As this article is about connecting Lotus Domino to a JMS provider, you need to install and configure a JMS provider. We use WebSphere MQ V6 because of its support of JMS 1.1 and its popularity as Message Oriented Middleware (MOM). Because JMS requires a JNDI provider, we also use WebSphere MQ as the JNDI provider. This requires a supportPac, and then creating the JNDI administered objects that are bound to the MQ underlying entities. -
Configure Lotus Domino.
To demonstrate the Lotus Domino-to-JMS concept, we have developed a simple application with forms, views, and the Java agents. In this section, we cover the basics of the Lotus Notes application and discuss how to construct the Java agent in Lotus Domino Designer. Finally, we discuss the Java code and how it works. -
Run the samples.
To demonstrate the code, we run the agent to push messages to WebSphere MQ followed by showing the message as it appears in WebSphere MQ. Then we run a different agent that fetches the messages back from WebSphere MQ and into Lotus Domino to demonstrate that we can support the producer and consumer sides of messaging. Finally, we open the retrieved message in the Lotus Notes client as a Notes document showing the message body.
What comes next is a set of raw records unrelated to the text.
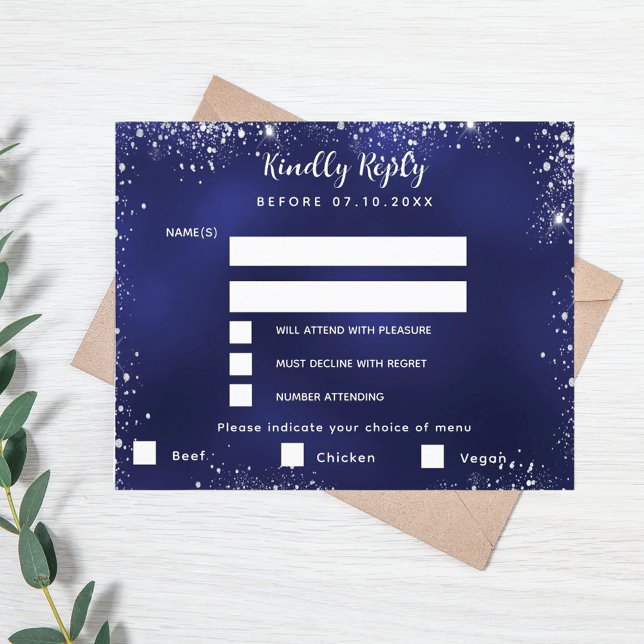 Navy blue silver menu choises wedding RSVP card (Creator Uploaded)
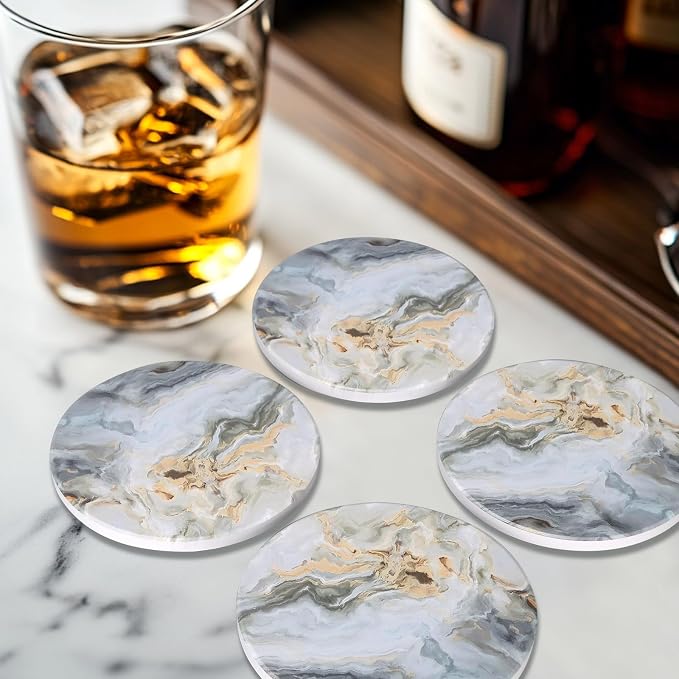 6 Pcs Grey Abstract Ceramic Coasters - Image 5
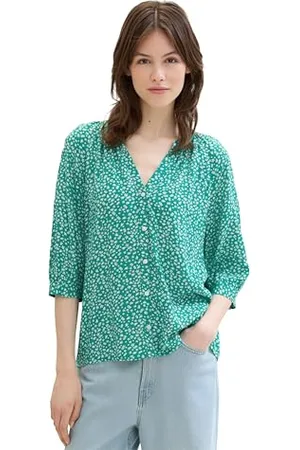 TOM TAILOR Damen Basic Bluse mit Ballonenärmeln, green minimal print, L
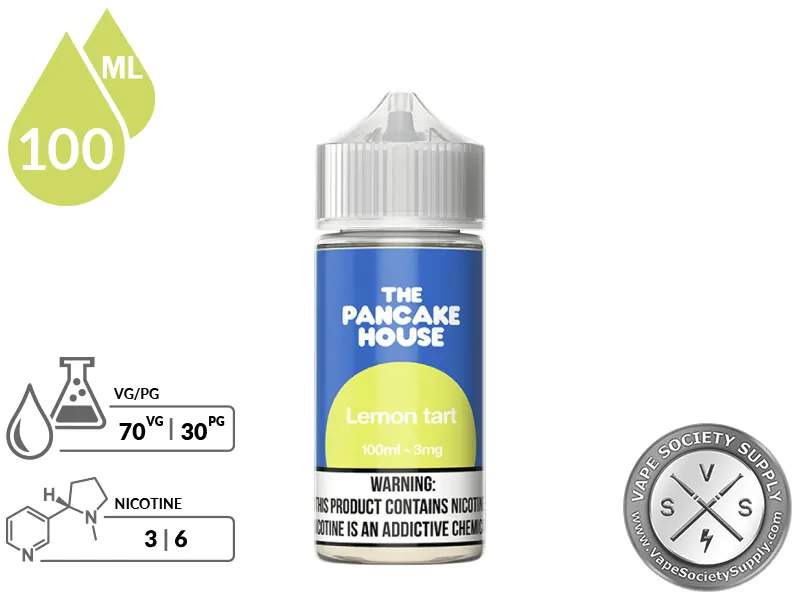 Lemon Tart by The Pancake House 100ml bottle with a 70/30 VG/PG icon and nicotine strength icons
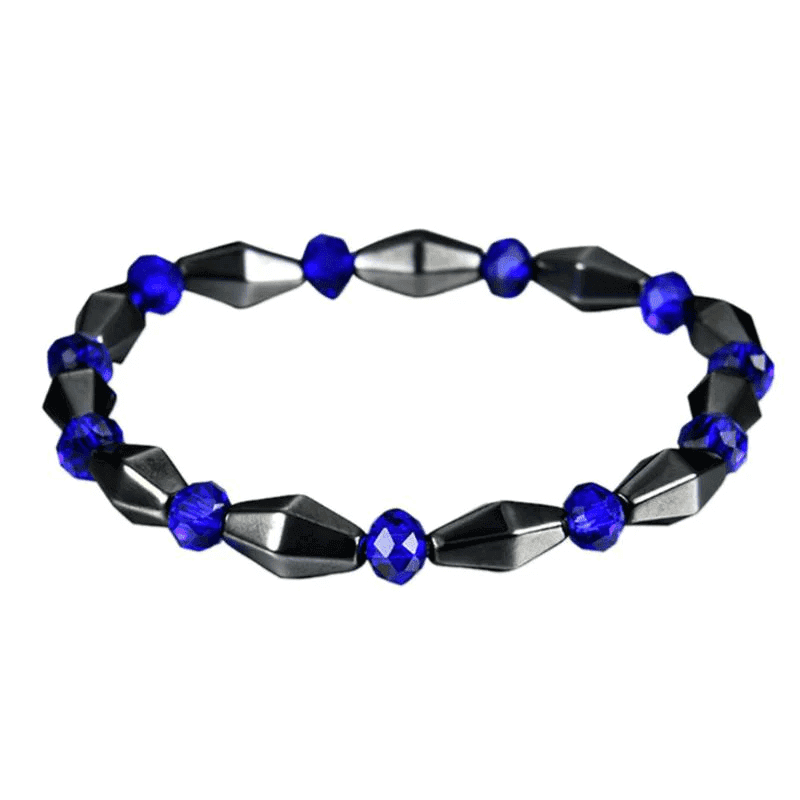 THE MEN THING Bead Bracelet CONE SHAPE BLUE - Beads Bracelet with Natural Stone - "7" inch Stretch Bracelet for Men & Boys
WebSphere MQ V6 supports JMS 1.1. This means that WebSphere MQ V6 can function as a JMS 1.1 provider. Remember that JMS is only a specification for an API; the messaging system provides messaging by implementing the JMS specification.
For JMS clients to connect to WebSphere MQ, you must create and configure a queue manager. A queue manager supplies the runtime processes that provide JMS capabilities to JMS clients. WebSphere MQ provides an Eclipse-based administration client to assist in this process.
- Start WebSphere MQ Explorer by choosing Start - All Programs - IBM Websphere MQ - Websphere MQ Explorer.
- Select the Queue Manager folder in the WebSphere MQ Explorer navigator, then right-click and select New - Queue Manager.
- In the wizard, enter Domino.QMGR as the queue manager name. Select "Make this the default queue manager" option. Enter SYSTEM.DEAD.LETTER.QUEUE in the Dead letter queue field. Leave the defaults for the other fields, and then click Finish as shown in figure 2.
Figure 2. Queue manager configuration
At this point, you have created a queue manager that is capable of storing messages in Websphere MQ, but JMS clients need a JNDI provider as well.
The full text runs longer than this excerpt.